La mandataria estatal aseguró que cualquier indagatoria relacionada con posibles nexos criminales no debería limitarse al caso del gobernador con licencia de Sinaloa, Rubén Rocha Moya, sugiriendo que las investigaciones tendrían que ampliarse hacia otros actores del oficialismo.
Las declaraciones intensifican el choque entre gobiernos estatales de oposición y Morena, en un momento donde las acusaciones sobre crimen organizado y política se han convertido en parte central del debate público nacional.

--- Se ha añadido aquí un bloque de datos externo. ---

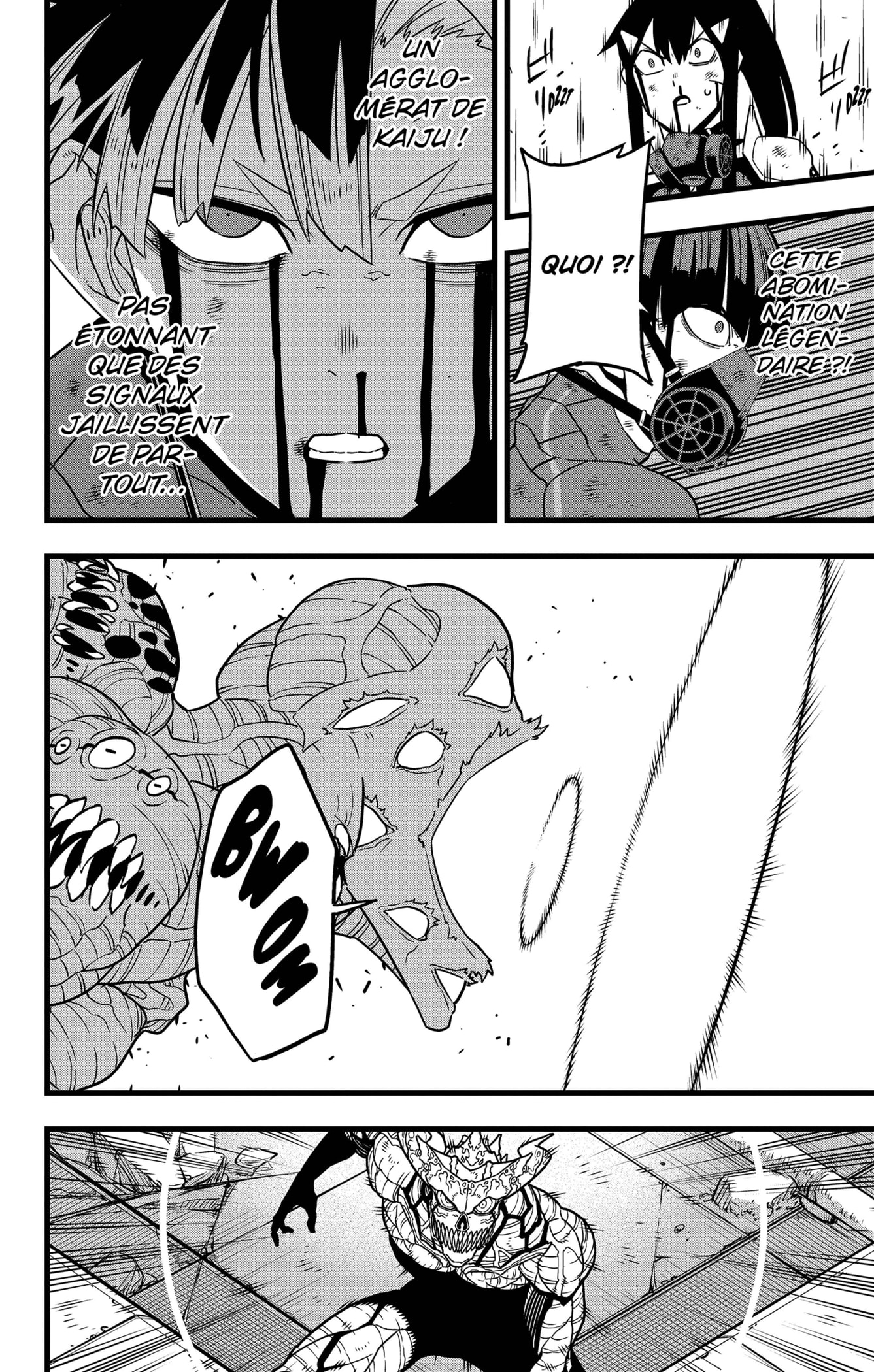 Read Kaiju No 8 VF Manga Online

Sin embargo, las afirmaciones de Maru Campos se presentan como exigencias políticas y señalamientos públicos; hasta el momento, no equivalen por sí mismas a pruebas judiciales o confirmación de investigaciones formales contra las personas mencionadas.
El episodio también refleja cómo la disputa política mexicana ha cruzado fronteras, con actores nacionales apelando cada vez más a instituciones y autoridades estadounidenses para presionar, exhibir o confrontar adversarios políticos.
Mientras Morena acusa campañas de desgaste y guerra política, la oposición insiste en colocar el tema de presuntos vínculos criminales como uno de los ejes más explosivos del debate rumbo a los próximos procesos electorales.